I held her unnerving gaze for all of 18.46981 seconds… She pulled the chair next to me out and still holding my gaze asked… What do you write about? Just that! She just knows I have a blog, and she knows I will not tell the url. But she dares me to examine my motivations..

I ponder…. wonder….. try to remember….. all the things I have written…. a letter to her, numerous rants, of love spurned,  of near death experiences…… no singular answer can encapsulate all the things I have written about… As she stands up to leave, I mutter…
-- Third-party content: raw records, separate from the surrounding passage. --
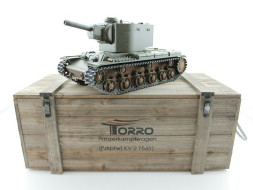 Радиоуправляемый танк Torro КВ-2 1/16 СССР, зеленый, ВВ-пушка, деревянная коробка V3.0 2.4G RTR — TR1112438785-3.0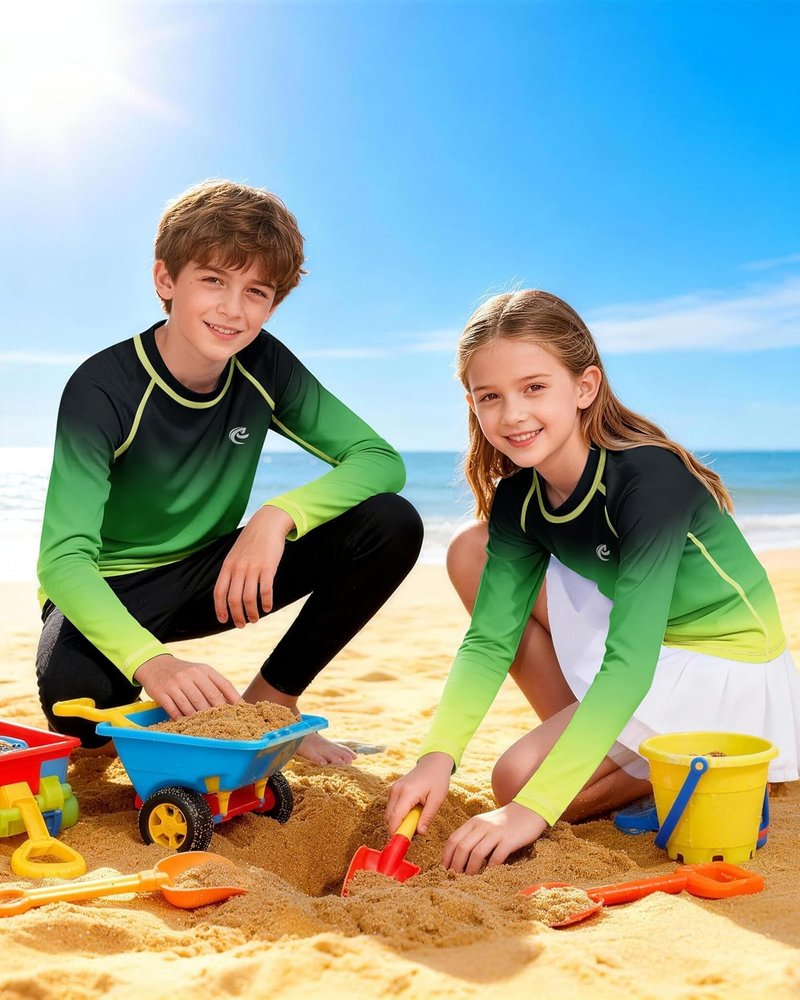 Boys UPF 50+ Swim Shirt - Long Sleeve UV Sun Protection Rash Guard | Youth SPF Water Shirt for Beach & Surf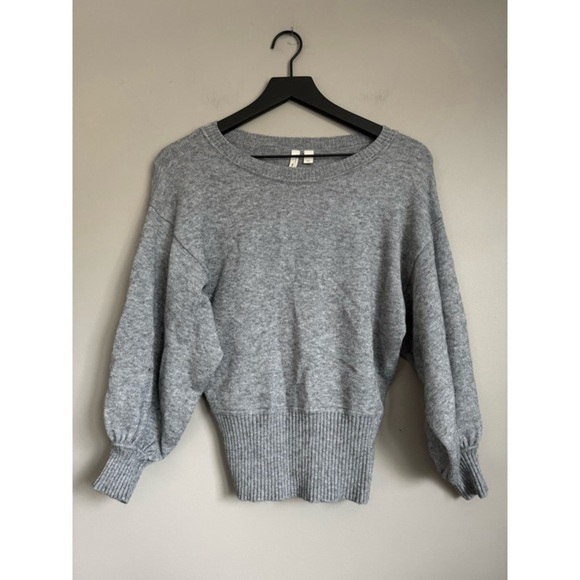 ANTHROPOLOGIE MOTH Grey Cabin Balloon-Sleeve Sweater - Picture 2 of 2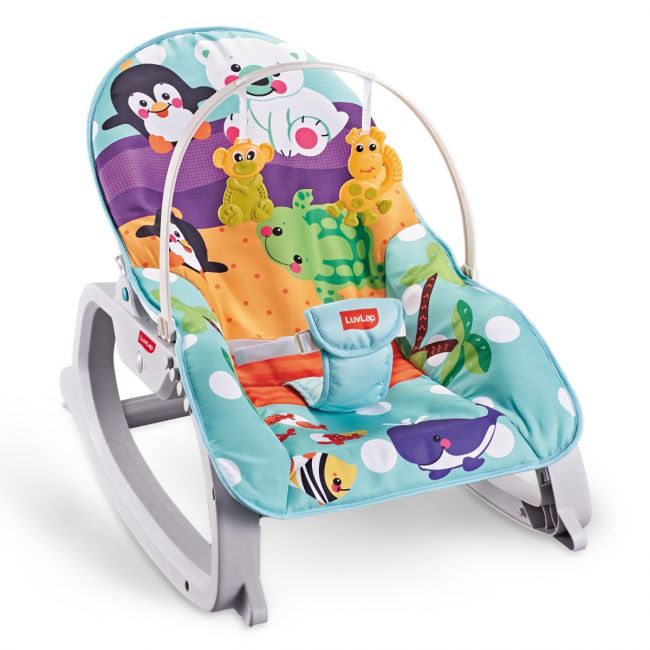 LuvLap Animal Kingdom 3-In-1 Baby Rocker (Penguin)
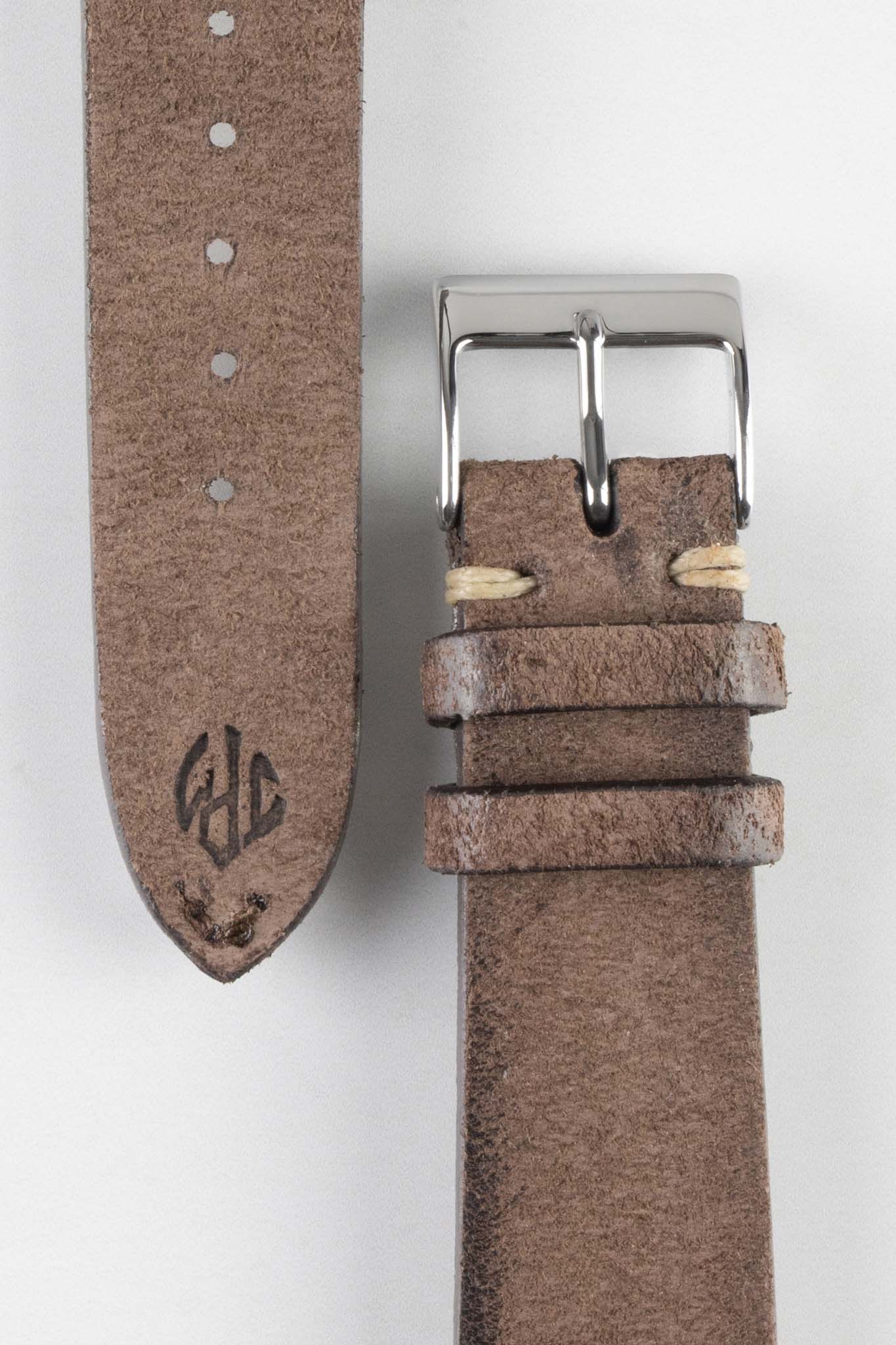 JPM Italian Distressed Tasso Leather Watch Strap in BROWN - Image 3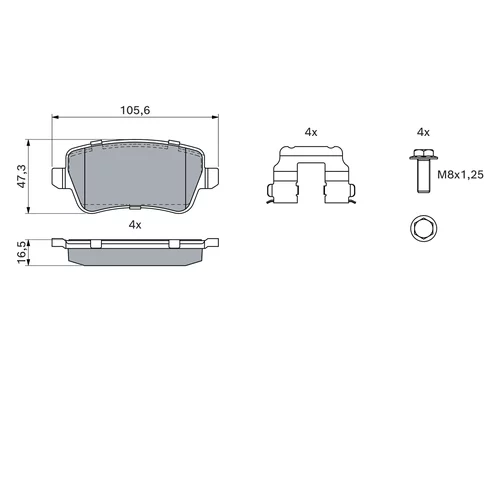 Sada brzdových platničiek kotúčovej brzdy 0 986 494 125 /BOSCH/ - obr. 4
In retrospect, everything…

Apparently a Saudi Arabian woman filed for divorce after her husband stored her name as ‘Guantanamo’ on his cell phone. Wonder what she would do if her name was stored as Oloshi Oloriburuku?

… at the end of the raging  storm.… finally a silver lining appears… one victory.. but it is a crucial change of momentum!

Each morning, my nostrils awake to redolent scents, wafting outward from the Greggs eatery next to my house. Sadly, this particular branch is close enough to allow some of the scents find their way in, but just far enough to befuddle my sense of smell in such a way that I cannot precisely tell which is which.

Some days I can almost bet my sweet life that they are arranging hot piping amala there. At other times, I am positive I have heard inhaled the smell of akara, of moi moi and even party jollof rice! Problem though is there is no way any of these can smell like the above; unless there is a Naija chic surreptitiously boiling her own things on the side..

Clearly, my sense of smell has been compromised by the extreme lack of Nigerian lemms.   Dang I miss my moooommmmmmmmy’s akara!

I am all for defining my people connections upfront (DTRs) …… The thing about them though is that they are tricky……. Too soon, and you run the risk of permanently pulverizing some real bridges before they even get built…….. Too late, and you’re mired in the morass of the ‘just friends’ zone…..

That night we had the inevitable talk and faced the ineluctable moment of truth….. Faced with a choice she said…..

You’re a good guy but….. why does life have to be sooo difficult?

Maybe that DTR was too early…or it was a classic case of DeBee’s Law:

The refusal to define is tacit admittance that there was nothing to define in the first place or a nascent dislike of that which was to be defined.

In retrospect, she was right.. …There were too many yawning chasms that needed crossing!